Humor came, in part, from incorporating his broken reading glasses into the self-portrait.

“I’m constantly sitting on my reading glasses,” he admits, laughing again. “Telling little stories like that about yourself humanizes you and helps you connect to the students. It makes them more willing to put bits of their own individuality into the art. And by putting their individuality in, they’re able to connect to the art more deeply.”

Forming the basis for his self-portrait were his initials, DRM. He scattered the letters across the canvas in varying sizes and at odd angles to one another.

“I added my fingerprint and my handprint. Nothing’s more fun than making a handprint: it’s one of the first ways that small children make art.”

Huaer Collegiate’s students are not small children. But David was pleased to help them recover, in their own self-portraits, some of the joy that making art gives us when we’re very young.

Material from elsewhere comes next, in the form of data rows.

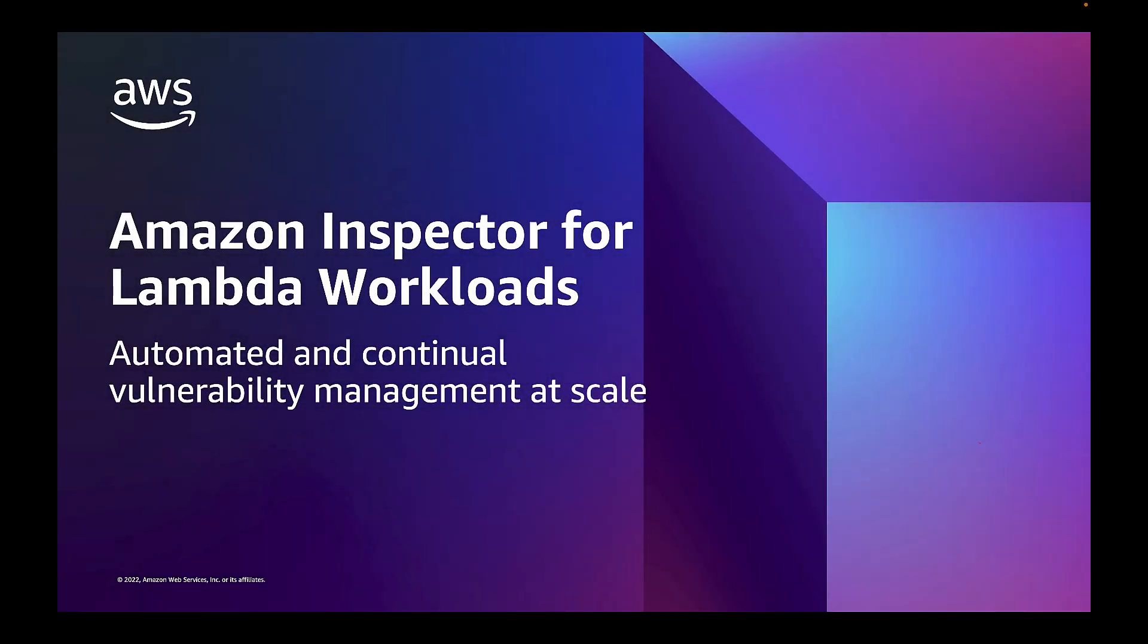Amazon Inspector is an automated vulnerability management service. It continuously evaluates your AWS workloads for software vulnerabilities and unintended network exposure. In this video, we will show how you can use Amazon Inspector to identify vulnerabilities in your AWS Lambda functions and associated package dependencies.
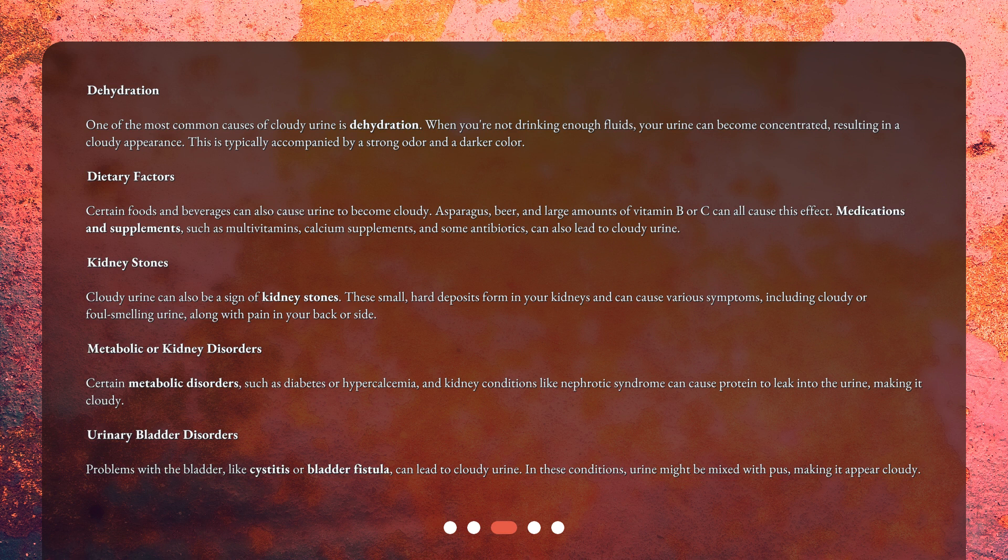Dietary factors: Certain foods and beverages can also cause urine to become cloudy. Asparagus, beer, and large amounts of vitamin B or C can all cause this effect.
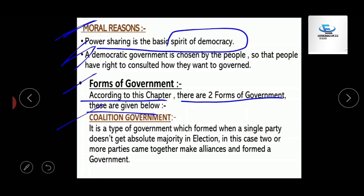Coalition government is called 'gadbandhan sarkar' in Hindi. It is a type of government which is formed when a single party does not get an absolute majority in an election. In this case, two or more parties come together, make alliances, and form a government. When no single party can secure full majority of seats, they join with other parties to form an alliance and then form the government — this is called coalition government.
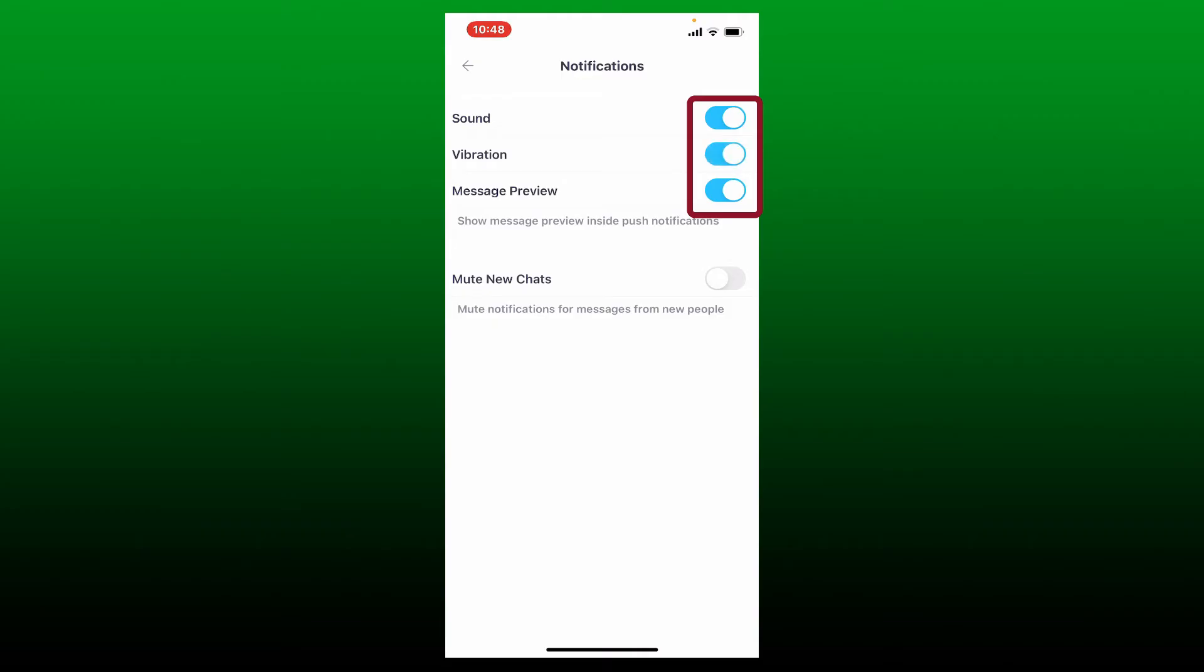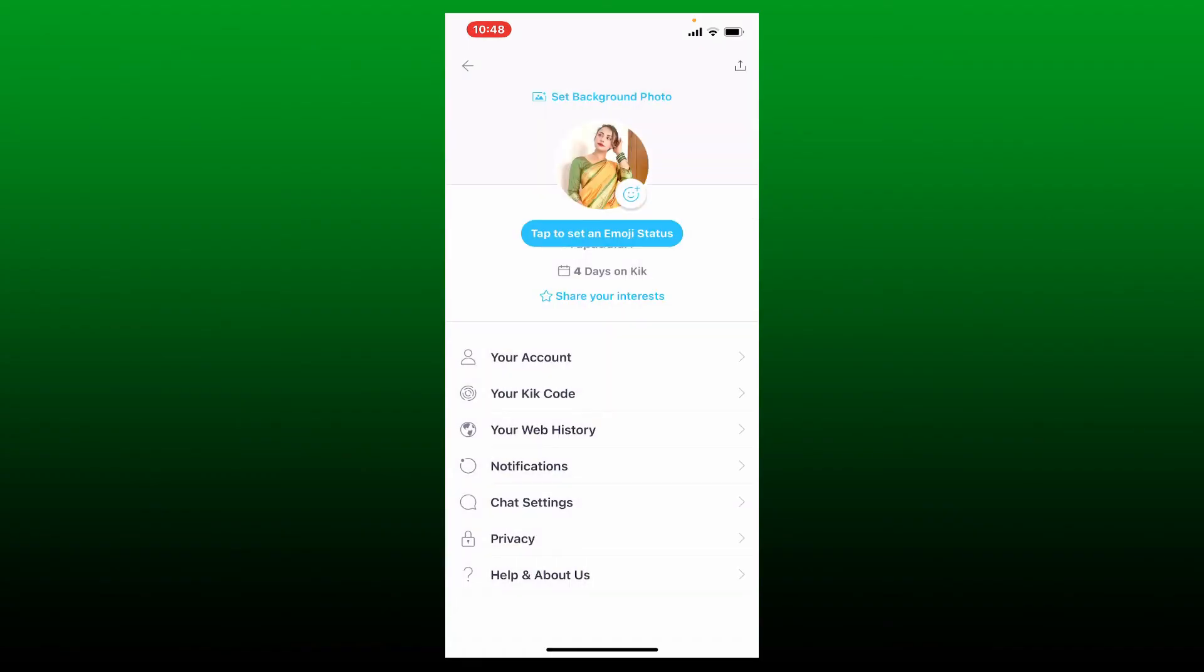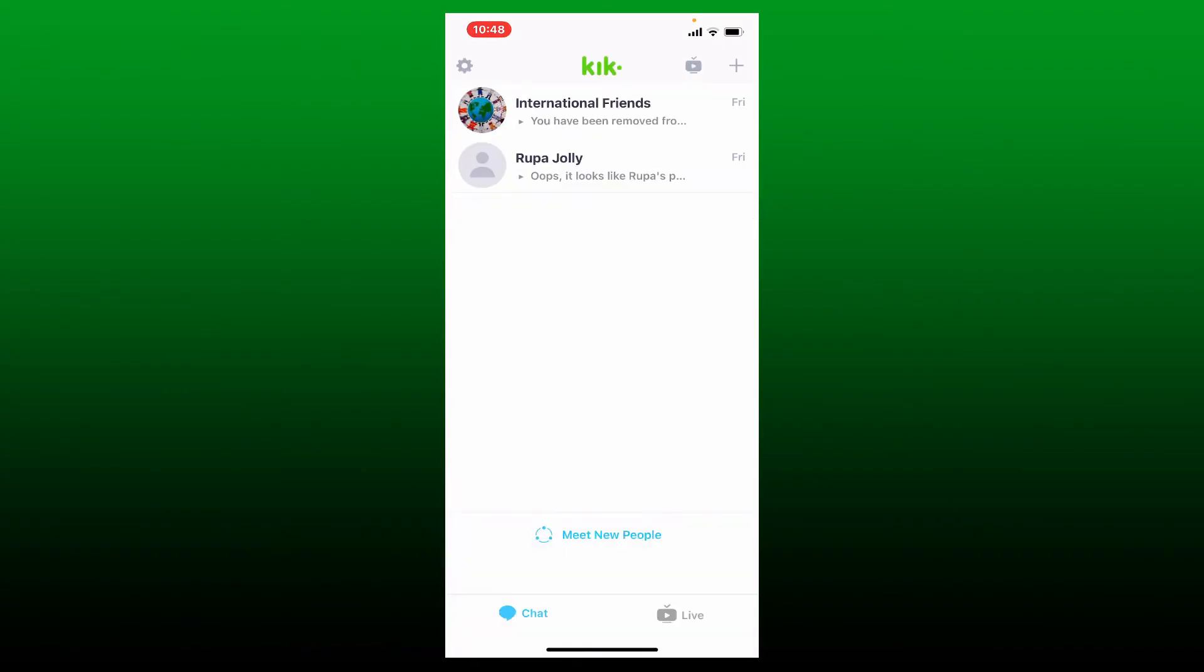Make sure that all of these three buttons are enabled and now you can go back by tapping the arrow facing towards the left at the top right hand corner. Once you make this selection, you'll be able to turn on or enable Kik notifications using your mobile device.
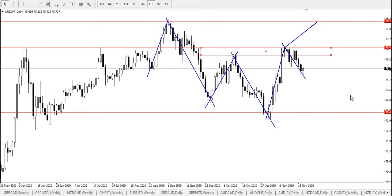To summarize, the first scenario is continuous bearish pressure and price staying below price 76.835, which would send the Australian dollar, Japanese yen further down to find major support at price 73.406. While continuous bullish pressure and a break and close above price 76.835 would send the pair further up to find major resistance at price 78.223. Thank you very much.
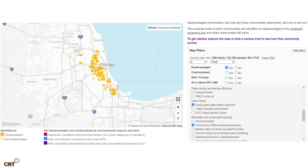You could filter further — I've got a filter based on disadvantaged tracks that meet the 90th percentile for diesel particulate matter exposure and percent pre-1960s housing, which is a surrogate for lead paint. So people in these tracts are being exposed to diesel, probably from traffic, and possibly to lead through paint in their house.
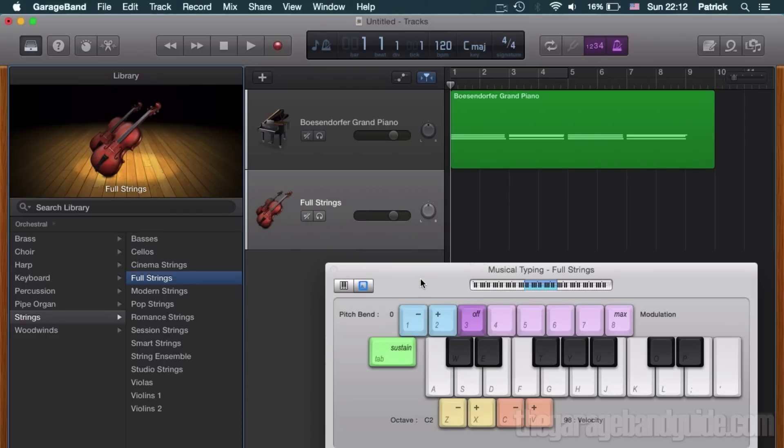My counting and metronome are still set up from the last time, so I just need to hit record.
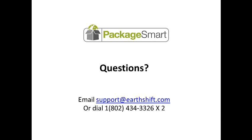If you have any questions, email support@earthshift.com or dial 1(802) 434-3326 extension 2.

He was also pleased to see that his lessons in technique were reflected in the self-portraits—possibly against the students’ wills!

Rocks

As David recalls the masterclass, he notes other joys of the moment.

“I’m fully vaccinated, so now my wife and I can eat sushi and our other favorites in restaurants. We’re still being safe, but it’s lovely to see that the requirements to be safe are gradually relaxing. This has coincided with the arrival of better weather, which makes the outdoors so much more inviting.”

He mentions an art installation that he had started working on at a private home just outside of Idyllwild.

“It’s at the home of the parents of a Visual Arts student who graduated a year or two ago, and on a beautiful piece of property. It feels magnificent to be outside moving rocks about.”

He gives a brief description of the project. It sounds as if the rocks might not be ones that a teacher would ask children to move. Yet David’s enthusiasm for the work suggests that he continues to take a child’s pleasure in art.